Samuel F. B. Morse, His Letters and Journals eBook

This eBook from the Gutenberg Project consists of approximately 588 pages of information about Samuel F. B. Morse, His Letters and Journals.

Samuel F. B. Morse, His Letters and Journals eBook

This eBook from the Gutenberg Project consists of approximately 588 pages of information about Samuel F. B. Morse, His Letters and Journals.

“In the ripeness and mellow sunshine of the end of an honored and protracted life Professor Morse, the father of the American Telegraph system, our own beloved friend and father, has gone to his rest.  The telegraph, the child of his own brain, has long since whispered to every home in all the civilized world that the great inventor has passed away.  Men, as they pass each other on the street, say, with the subdued voice of personal sorrow, ‘Morse is dead.’  Yet to us he lives.  If he is dead it is only to those who did not know him.

“It is not the habit of ardent affection to be garrulous in the excitement of such an occasion as this.  It would fain gaze on the dead face in silence.  The pen, conscious of its weakness, hesitates in its work of endeavoring to reveal that which the heart can alone interpret in a language sacred to itself, and by tears no eye may ever see.  For such reason we, who have so much enjoyed the sweetness of the presence of this venerable man, now so calm in his last sacred sleep, to whom he often came, with his cheerful and gentle ways, as to a son, so confiding of his heart’s tenderest thoughts, so free in the expression of his hopes of the life beyond, find difficulty in making the necessary record of his decease.  We can only tell what the world has already known by the everywhere present wires, that, on the evening of Tuesday, April 2, Professor Morse, in the beautiful serenity of Christian hope, after a life extended beyond fourscore years, folded his hands upon his breast and bade the earth, and generation, and nation he had honored, farewell.”

In the “Evening Post,” probably from the pen of his old friend William Cullen Bryant, was the following:—­

“The name of Morse will always stand in the foremost rank of the great inventors, each of whom has changed the face of society and given a new direction to the growth of civilization by the application to the arts of one great thought.  It will always be read side by side with those of Gutenberg and Schoeffer, or Watt and Fulton.  This eminence he fairly earned by one splendid invention.  But none who knew the man will be satisfied to let this world-wide and forever growing monument be the sole record of his greatness.

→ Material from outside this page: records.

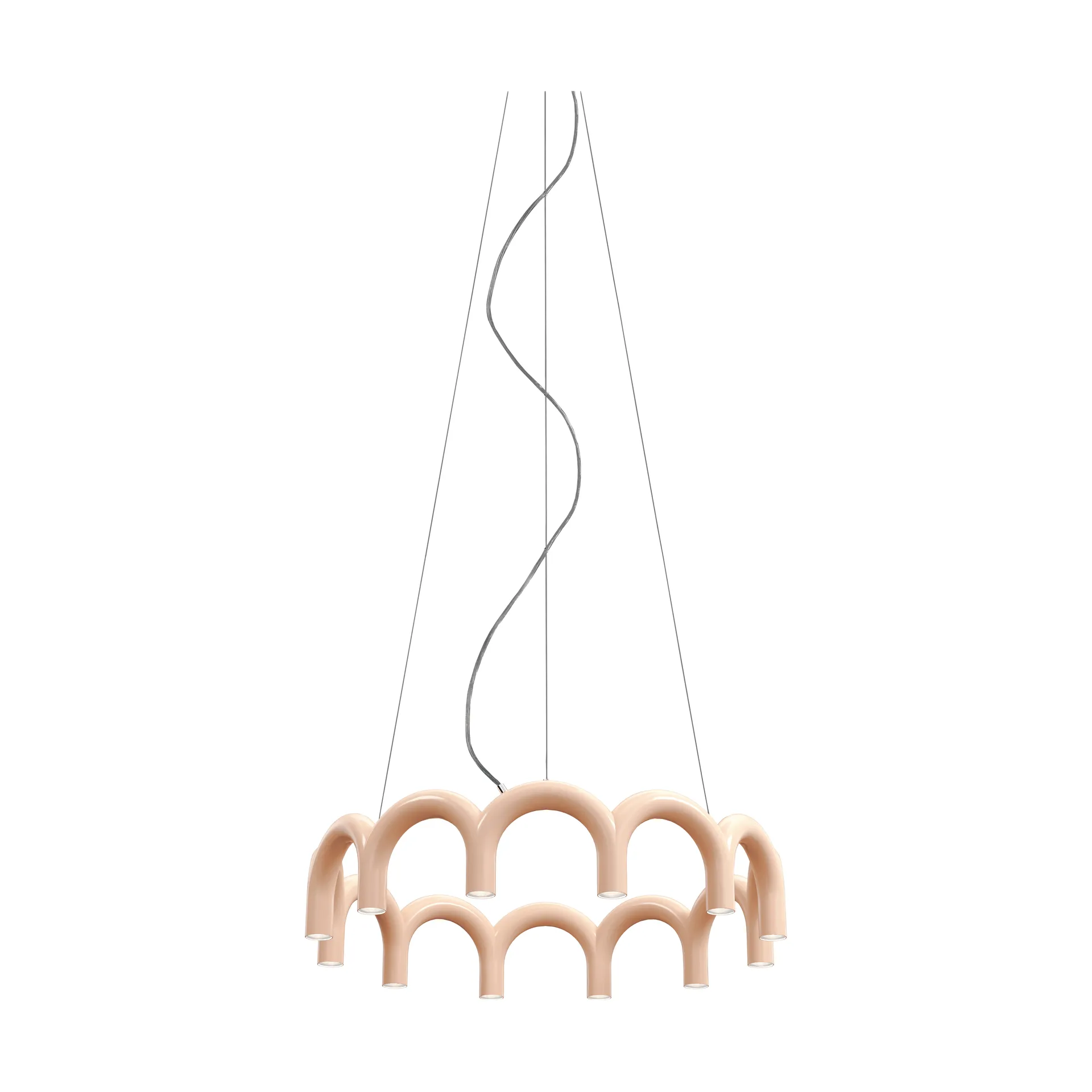 Lámpara colgante Arch circle, Nude, Ø98 cm Oblure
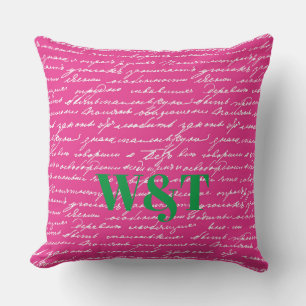 Handwriting Couple INITIALS Love Story Preppy Fun  Cushion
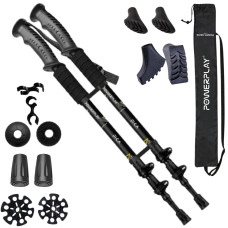 Трекінгові палиці PowerPlay Fika Black/Yellow 60-135 см (пара)  + 2-ві пари чобітків + чохол, код: PP_9109_Fika_Bl/Yellow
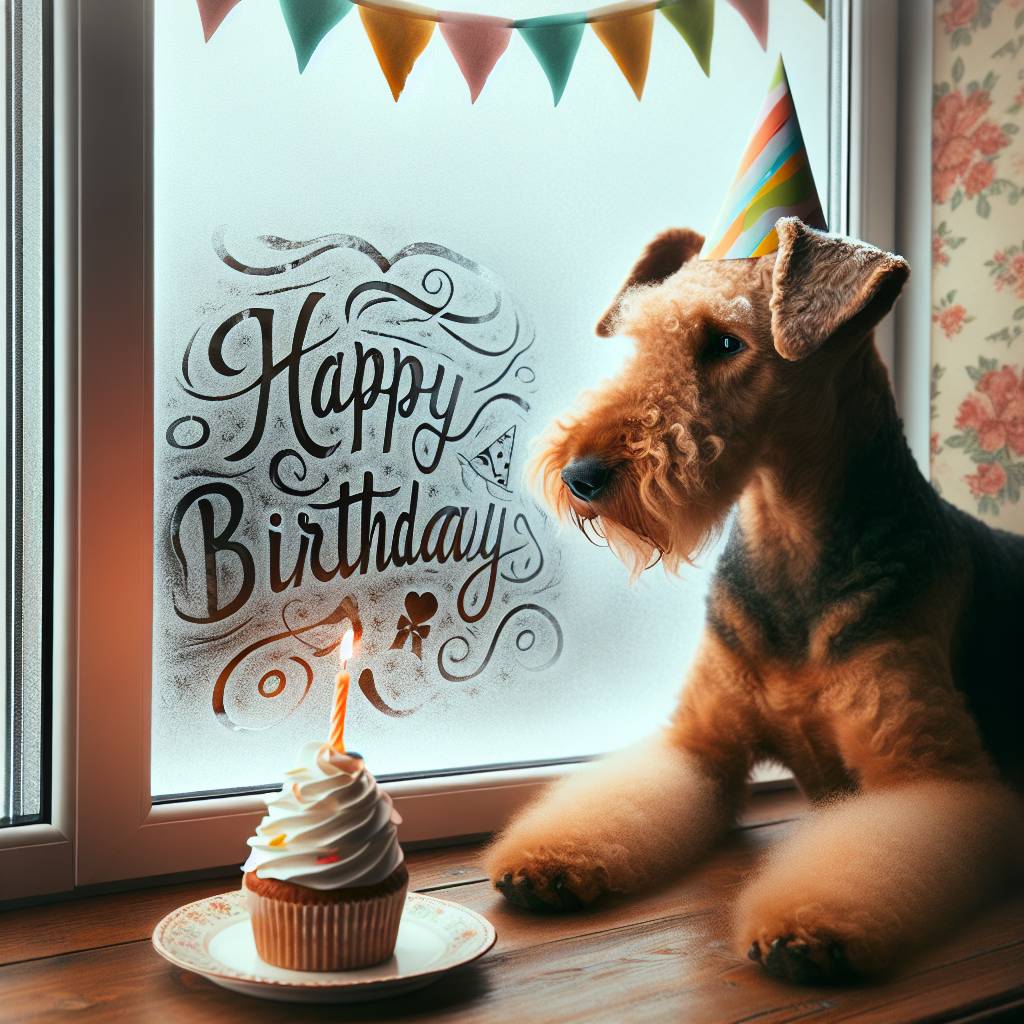 2) Birthday AI Generated Card - Airedale Terrier   (c0198)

“Had he never thought of the telegraph he would still receive, in death, the highest honors friendship and admiration can offer to distinguished and varied abilities, associated with a noble character.  In early life he showed the genius of a truly great artist.  In after years he exercised all the powers of a masterly scientific investigator.  Throughout his career he was eminent for the loftiness of his aims, for his resolute faith in the strength of truth, for his capacity to endure and to wait; and for his fidelity alike to his convictions and to his friends.

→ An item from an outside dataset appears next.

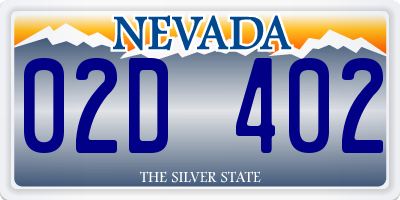 NV license plate 02D402
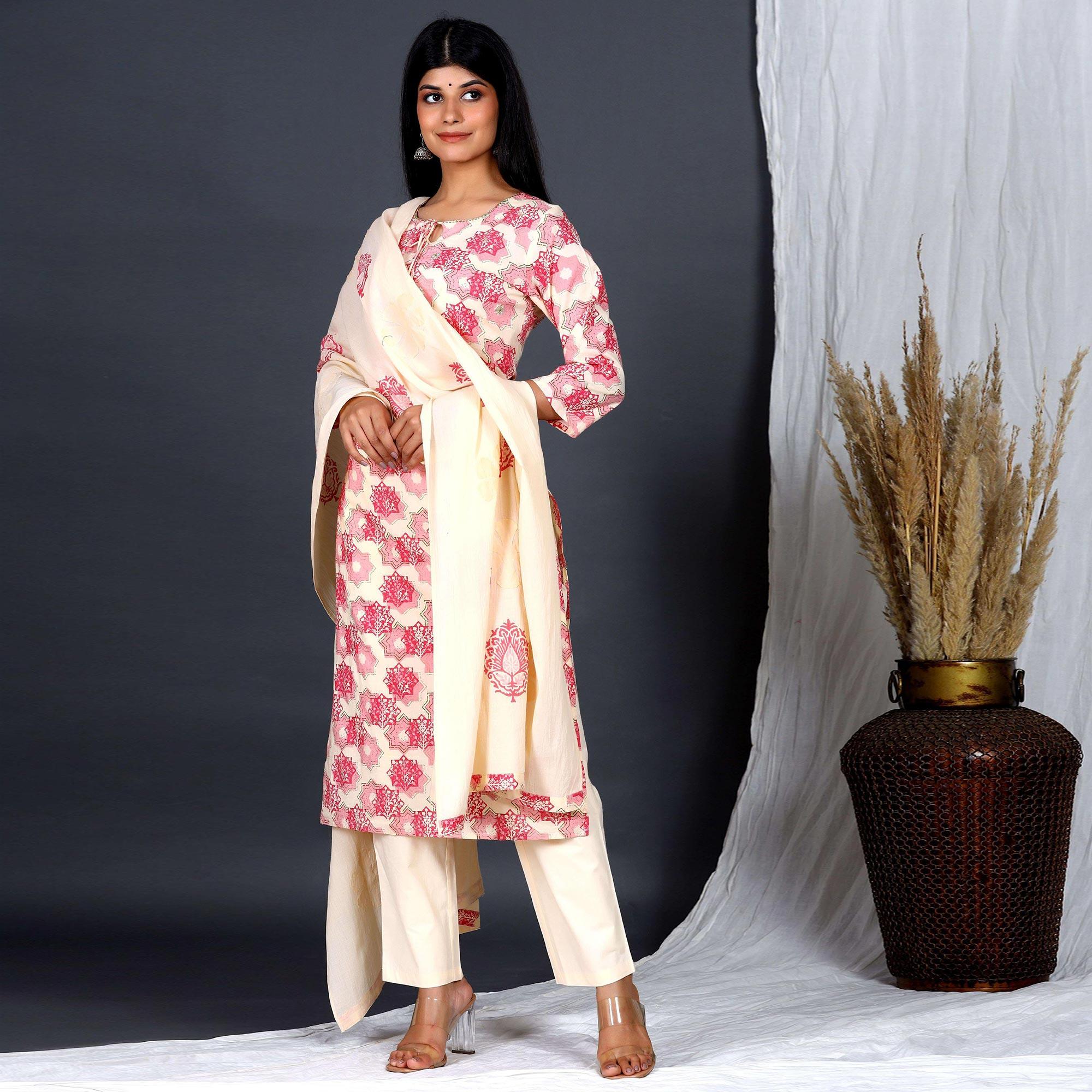 Peachmode Cream Casual Wear Printed Cotton Kurti - Pant Set With Dupatta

“His intellectual eminence was limited to no one branch of human effort, but, in the judgment of men who knew him best, he had endowments which might have made him, had he not been the chief of inventors, the most powerful of advocates, the boldest and most effective of artists, the most discerning of scientific physicians, or an administrative officer worthy of the highest place and of the best days in American history.”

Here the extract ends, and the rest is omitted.